How should you structure a Seedance 2.0 prompt?

The most reliable structure is subject action, camera movement, environment, sound, and then style only if needed. For multi-shot clips, label each shot explicitly.

Should you use Shot 1 and Shot 2 labels in Seedance 2.0?

Yes for edited multi-shot sequences. Explicit shot labels give Seedance clearer cut points and usually produce more controlled transitions.

Do audio cues matter in Seedance 2.0 prompts?

Yes. Seedance supports synchronized audio generation on fal, so sound cues like footsteps, rain, crowd noise, or glass clinks help anchor timing and realism.

How should you use image, video, and audio references in Seedance 2.0?

Give each reference one clear job: images for identity or styling, videos for motion and pacing, and audio for rhythm or sound texture.

Back to blog

Seedance 2.0 Prompt Guide: Better Prompts That Work [2026]

April 21, 2026By Bilal Azhar

Learn how to write better Seedance 2.0 prompts with shot labels, camera direction, audio cues, reference workflows, settings, and copy-paste examples.

Seedance 2.0 prompts work best when they describe a moving scene: subject, action, camera, environment, sound, and cuts. Use Seedance 2.0 on Morphed for final 1080p renders, Seedance 2.0 Fast for drafts, and this guide as the hub for prompt examples, image-to-video, and text-to-video workflows.

Most bad Seedance outputs are not caused by the model. They are caused by prompts that describe a static image instead of a moving scene.

The biggest shift is simple: write for action, camera, sound, and cuts, not vague cinematic adjectives.

If you have used image models for a while, this takes a minute to unlearn. Image prompting rewards moodboards: lighting words, texture words, style references, beautiful nouns. Video prompting is less forgiving. The model has to decide what happens on frame 1, frame 40, frame 120, and how the scene gets from one to the next. That means your prompt has to behave more like a director's note than a poster description.

Key Takeaways

Seedance 2.0 responds best to shot-based prompts
Multi-shot clips work better with explicit Shot 1: / Shot 2: labels
Camera direction matters more than generic style words
Audio cues improve timing and realism
References work best when each one has a specific role

If you want a better result, stop prompting it like an image model.

The Director Mindset

A good Seedance prompt does not need to be poetic. It needs to be executable.

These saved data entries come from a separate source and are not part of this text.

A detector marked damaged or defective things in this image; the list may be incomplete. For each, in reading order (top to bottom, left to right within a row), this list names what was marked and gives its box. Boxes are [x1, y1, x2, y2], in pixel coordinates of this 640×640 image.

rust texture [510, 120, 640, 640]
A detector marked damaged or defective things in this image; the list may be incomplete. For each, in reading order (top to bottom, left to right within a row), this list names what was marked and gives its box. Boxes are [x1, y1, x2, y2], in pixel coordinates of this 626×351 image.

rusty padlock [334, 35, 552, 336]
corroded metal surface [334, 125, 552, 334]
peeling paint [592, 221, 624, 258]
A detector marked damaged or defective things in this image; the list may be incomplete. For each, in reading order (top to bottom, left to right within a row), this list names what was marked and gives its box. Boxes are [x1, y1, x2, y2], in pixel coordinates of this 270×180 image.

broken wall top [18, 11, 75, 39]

Imagine standing on set with a small crew. If you say "make it cinematic," nobody knows where to put the camera. If you say "start wide, track beside her at shoulder height, then cut to a close-up when she turns toward the neon sign," the crew can do something with that. Seedance is similar. It responds better when your prompt gives it a job, a camera position, and a sequence.

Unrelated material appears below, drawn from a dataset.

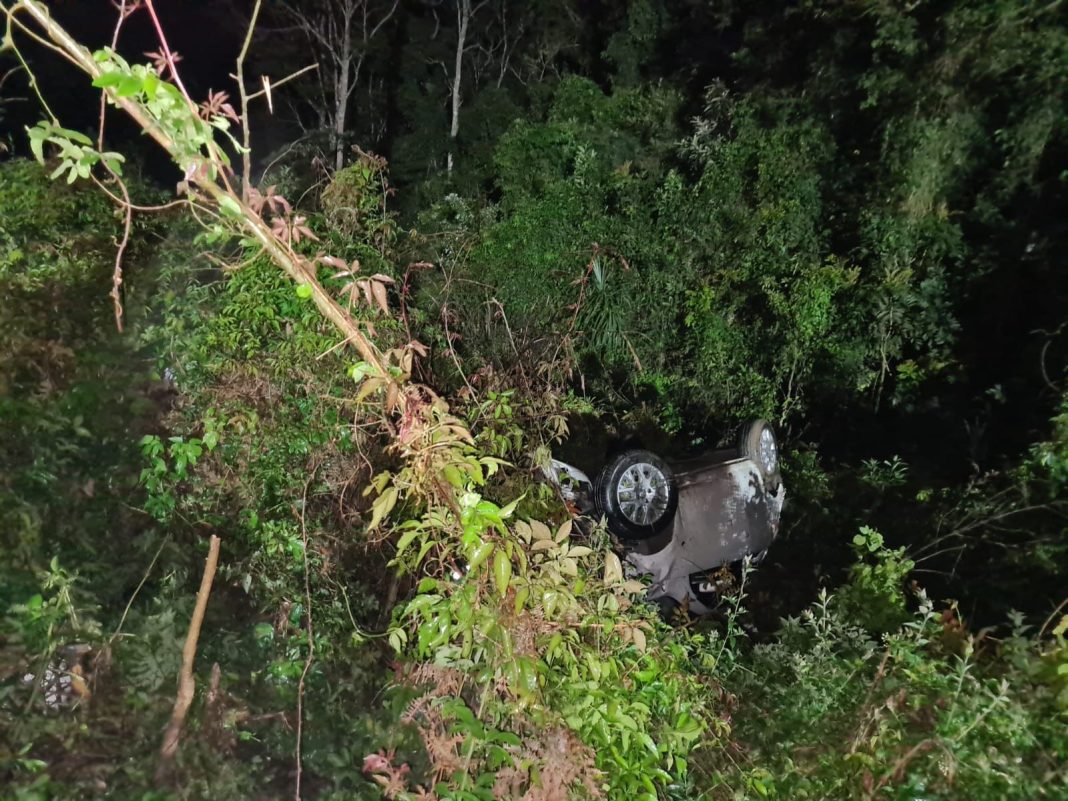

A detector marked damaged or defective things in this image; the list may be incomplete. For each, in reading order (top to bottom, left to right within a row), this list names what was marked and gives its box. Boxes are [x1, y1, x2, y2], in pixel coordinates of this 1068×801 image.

overturned car [542, 420, 786, 615]
damaged car body [542, 420, 786, 615]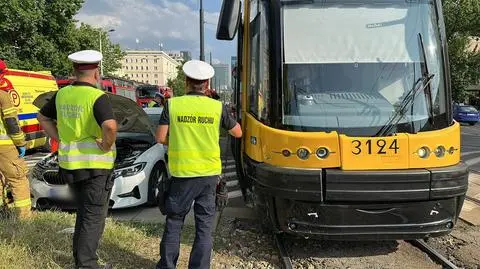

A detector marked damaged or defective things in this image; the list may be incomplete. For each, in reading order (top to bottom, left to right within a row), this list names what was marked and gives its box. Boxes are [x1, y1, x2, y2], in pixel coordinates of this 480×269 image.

damaged car hood [33, 90, 154, 136]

The most useful mental model is:

Role	What Your Prompt Should Provide
Director	The scene goal and emotional turn
Cinematographer	Shot size, camera movement, lens feel
Actor or product	One clear action per beat
Sound designer	Concrete ambience, Foley, or beat timing
Editor	Shot labels, duration, and cut points

This does not mean every prompt has to be huge. A 4-second product clip can be one sentence. A 15-second transformation needs a shot list. The structure should match the ambition of the clip.

Seedance 2.0 at a Glance

Seedance 2.0 is a ByteDance video model built for text, image, audio, and video-guided generation. The practical advantage is control: you can draft from text, animate an image, or use references to bind identity, motion, and audio timing to the final clip.

Setting	Practical Value
Model family	ByteDance Seedance 2.0
Main workflows	Text-to-video, image-to-video, reference-to-video
Duration on Morphed	4-15 seconds
Standard resolutions	480p, 720p, 1080p
Fast resolutions	480p, 720p
Aspect ratios	auto, 21:9, 16:9, 4:3, 1:1, 3:4, 9:16
Audio	Supported; include concrete sound cues
Reference inputs	Images, video clips, and audio clips depending on workflow
Best first step	Draft in Fast, finish in Standard when quality matters

What Makes Seedance 2.0 Different?

Seedance behaves more like a directing tool than a moodboard tool.

It is especially good at:

shot transitions
camera movement
synchronized sound
reference-guided motion

That means a prompt like this is weak:

cinematic girl in tokyo at night, beautiful lighting, masterpiece

And a prompt like this is stronger:

Shot 1: A woman in a red coat steps into a rain-soaked Tokyo side street, neon reflections breaking across the pavement. The camera tracks beside her at shoulder height. Wet footsteps and distant traffic fill the background.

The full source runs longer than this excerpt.